Folds, a celebrated lyricist, took time out of his busy schedule to chat about "Lonely Avenue," a collaboration with author Nick Hornby. This unusual album saw Folds write music around the e-mailed lyrics of Hornby. The result - which took 18 months from conception to completion - is terrific pop music, with the co-conspirators' fondness for cleverness very much at the fore.

Folds, a supremely gregarious interviewee, talked about how the album came together, what fans who come to the shows might expect to see and hear, and some of the other musical endeavors on his very full dance card.

Question | So, you and Nick Hornby kind of talked this project over during dinner, and it actually came to fruition. Is this the first time in the history of the world that two friends have talked over a scheme over dinner and it actually came through?

Answer | It could be. We were a little bit under way by the time said dinner occurred, so we sort of knew we were going do this for a while. We had discussed doing it, but it was just a matter of nailing it shut and having some resolve to do it. It's so easy to say, "We're going to do it," and it never happens.

Q. | Was there a topic where you went to Nick ahead of time and said, "Don't give me anything about that"?

A. | No, there were no rules or real direction. I think I said one time that I would really enjoy hearing what you happen to be thinking about on that day or moment as opposed to broader topics. Not that we had too much of that, but he was nailing some biggies. But that's when he turned around with the song "Doc Pomus." It's a big topic, but more narrow.

Q. | Did you get any lyrics that surprised you?

A. | They all read like Nick Hornby books. He's got such a style, and that's why people identify with him, I suppose. He's just got such a thumbprint. Pretty much I would just open the lyrics and think, "Wow, this is cool. I've got a mini-Nick Hornby book before anybody. I'm cool!"
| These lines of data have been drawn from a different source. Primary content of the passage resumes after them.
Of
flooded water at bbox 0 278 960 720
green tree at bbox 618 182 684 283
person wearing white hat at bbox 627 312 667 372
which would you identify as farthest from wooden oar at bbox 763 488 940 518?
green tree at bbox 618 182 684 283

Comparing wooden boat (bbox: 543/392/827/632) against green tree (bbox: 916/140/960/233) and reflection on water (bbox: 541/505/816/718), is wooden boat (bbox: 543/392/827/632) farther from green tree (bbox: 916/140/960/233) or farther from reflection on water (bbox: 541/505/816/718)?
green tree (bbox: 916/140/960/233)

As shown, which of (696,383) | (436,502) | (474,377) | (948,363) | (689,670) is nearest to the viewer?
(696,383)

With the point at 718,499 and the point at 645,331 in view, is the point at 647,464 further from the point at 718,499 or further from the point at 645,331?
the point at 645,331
Q. | "Levi Johnston's Blues" doesn't really sound like it was written by an Englishman.

A. | He's good like that, isn't he?

Q. | He seems to have tapped into a very American redneck prototype. There are rednecks all over the world, but he really had a way with the lyric of that one.

A. | Luckily Levi wrote the chorus for us. That came from his MySpace page. That's what fascinated Nick, was the bravado of the MySpace page pitted against this guy who was basically scared out of his wits stuffed into a suit in front of everybody at the Republican National Convention.
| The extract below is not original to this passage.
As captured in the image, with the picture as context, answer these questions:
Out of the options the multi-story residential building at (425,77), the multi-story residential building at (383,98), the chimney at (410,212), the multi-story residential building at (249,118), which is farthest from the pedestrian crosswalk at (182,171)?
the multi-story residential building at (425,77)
Q. | Is there a single song on the album that really encapsulates what you were trying to do, or maybe accomplished what you tried to do more than any other?

A. | I don't think so. It takes me a while to know down the road what the classics might wind up being. I find it really easy to play the song "Picture Window" live. I can feel that it translates quickly even though it's not the simplest thing, it's fairly wordy, but we got it right in a way I think both of us are comfortable with.

Q. | Do you feel as though "Lonely Avenue" tells a complete story?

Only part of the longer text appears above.